Activity: Could you output the entries that follow exactly, omitting any pictures they contain?

───── Data to process ─────

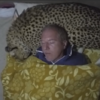 睡覺睡到半夜突然驚醒，發現「枕頭」的觸感好像怪怪的...怎麼會是大貓啦！！！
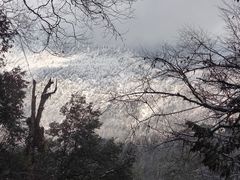 -龙苍沟森林公园
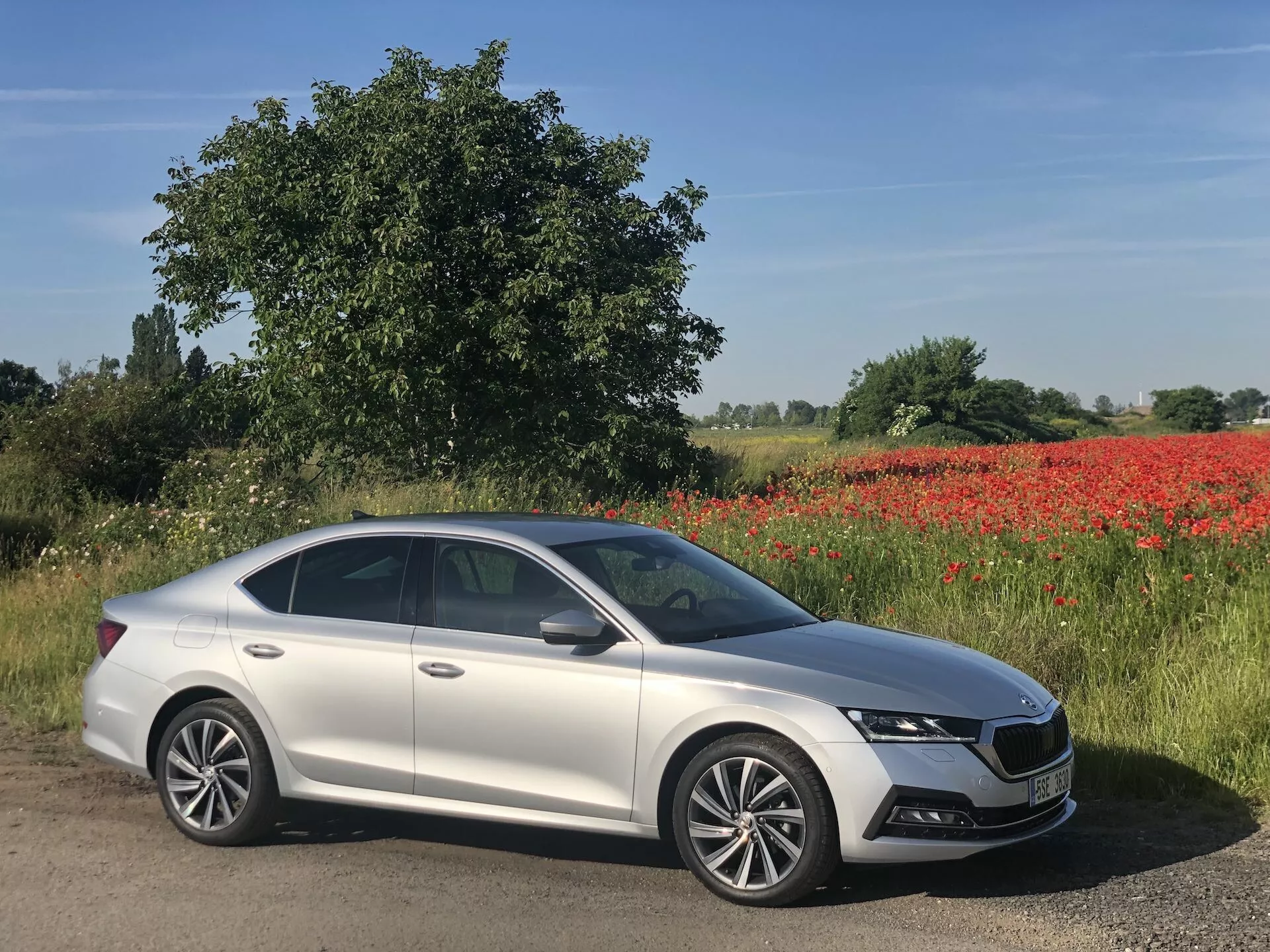 Obraz srebrnego sedana Skoda Octavia 2020, zaparkowanego ukośnie przy drodze z boku i z przodu, ukazujący nowoczesny design, opływowe kontury, wyraźny grill, reflektory LED, światła do jazdy dziennej, wieloramienne felgi aluminiowe, szyberdach, lusterka boczne w kolorze nadwozia z wbudowanymi kierunkowskazami oraz chromowane wykończenia. Tło przedstawia zielony krajobraz z czerwonymi makami i czyste niebo, sugerując wiejskie otoczenie w słoneczny dzień.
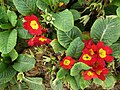 * Nomination: Primula vulgaris in Tashkent, Uzbekistan. --Екатерина Борисова 02:17, 26 May 2025 (UTC) * * Review needed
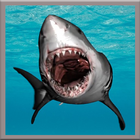 Great White Shark icône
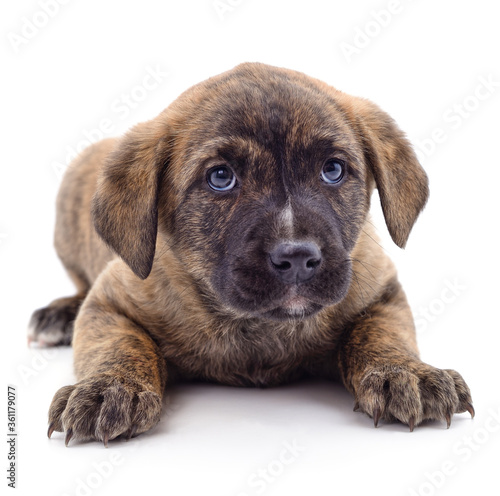 Brown beautiful puppy.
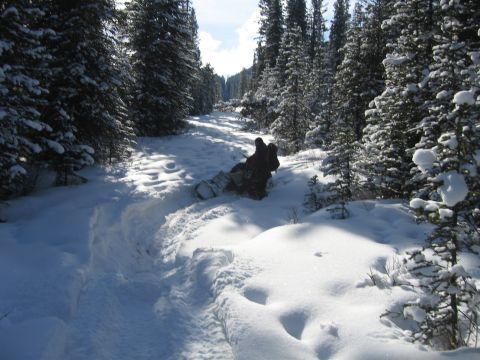1999 Arctic Cat Powder Special 600 EFI “Pickle”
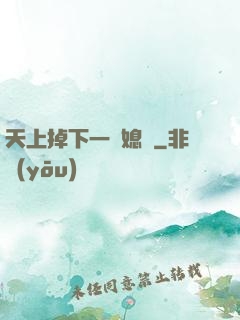 天上掉下一個媳婦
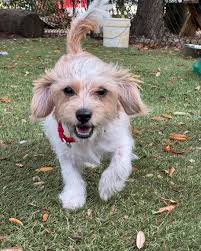 Edit: Adopted 🩷Kiwi who is a 7 month old terrier is ready to run into your  life!!! She gets along with other dogs and is house trained.  https://form.jotform.com/242325895637164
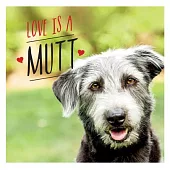 Love Is a Mutt: A Dog-Tastic Celebration of the World’’s Cutest Mixed and Cross Breeds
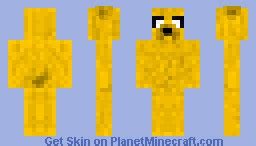 Jake the Dog Minecraft Skin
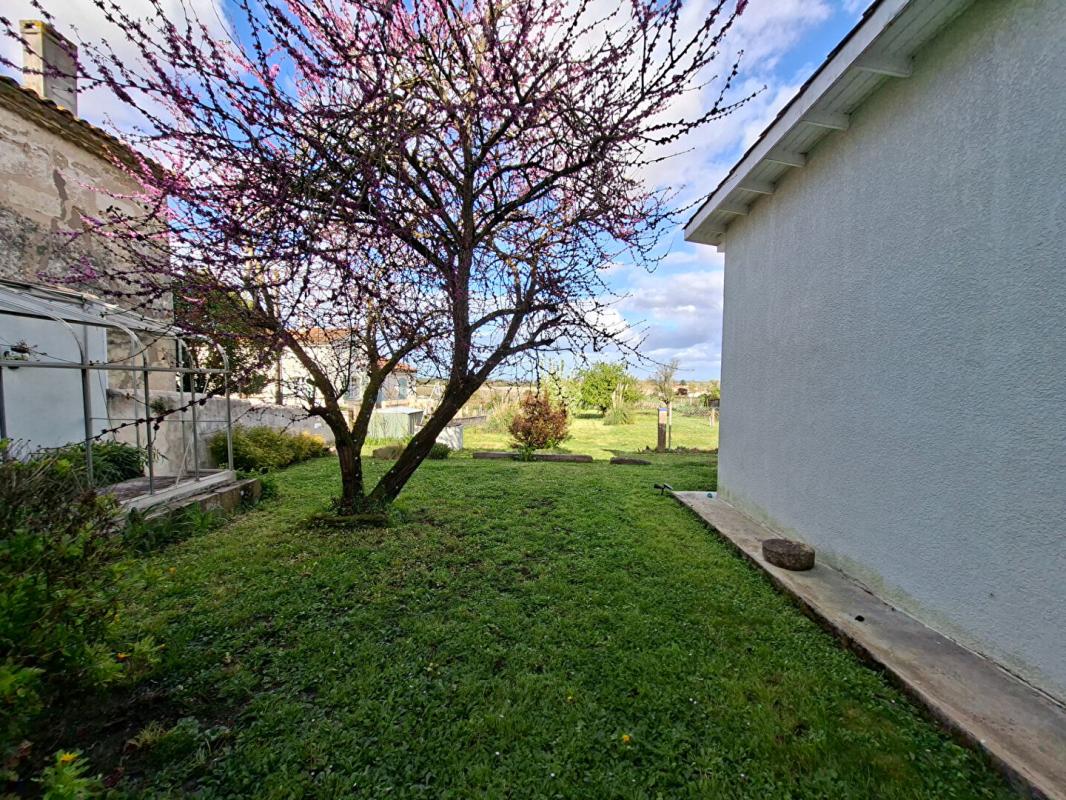 SAINT-ESTEPHE jolie maison pierre vue sur l estuaire de la Gironde SAINT-Estèphe 10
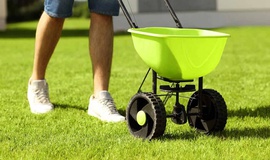 Saiba como adubar corretamente o seu gramado
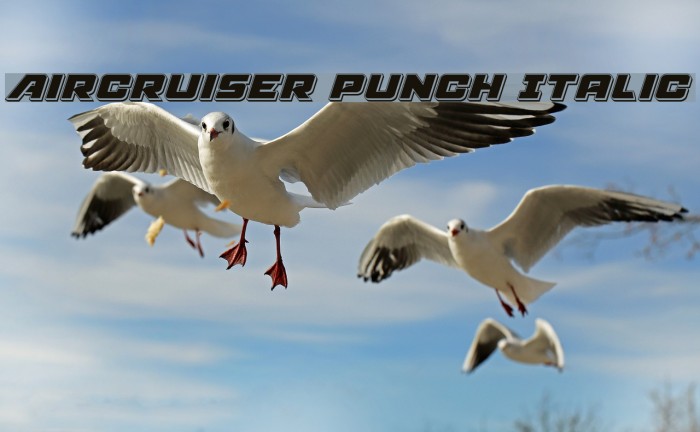 Aircruiser Punch Italic Font examples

─────

Answer section:
 睡覺睡到半夜突然驚醒，發現「枕頭」的觸感好像怪怪的...怎麼會是大貓啦！！！
 -龙苍沟森林公园
 Obraz srebrnego sedana Skoda Octavia 2020, zaparkowanego ukośnie przy drodze z boku i z przodu, ukazujący nowoczesny design, opływowe kontury, wyraźny grill, reflektory LED, światła do jazdy dziennej, wieloramienne felgi aluminiowe, szyberdach, lusterka boczne w kolorze nadwozia z wbudowanymi kierunkowskazami oraz chromowane wykończenia. Tło przedstawia zielony krajobraz z czerwonymi makami i czyste niebo, sugerując wiejskie otoczenie w słoneczny dzień.
 * Nomination: Primula vulgaris in Tashkent, Uzbekistan. --Екатерина Борисова 02:17, 26 May 2025 (UTC) * * Review needed
 Great White Shark icône
 Brown beautiful puppy.
1999 Arctic Cat Powder Special 600 EFI “Pickle”
 天上掉下一個媳婦
 Edit: Adopted 🩷Kiwi who is a 7 month old terrier is ready to run into your  life!!! She gets along with other dogs and is house trained.  https://form.jotform.com/242325895637164
 Love Is a Mutt: A Dog-Tastic Celebration of the World’’s Cutest Mixed and Cross Breeds
 Jake the Dog Minecraft Skin
 SAINT-ESTEPHE jolie maison pierre vue sur l estuaire de la Gironde SAINT-Estèphe 10
 Saiba como adubar corretamente o seu gramado
 Aircruiser Punch Italic Font examples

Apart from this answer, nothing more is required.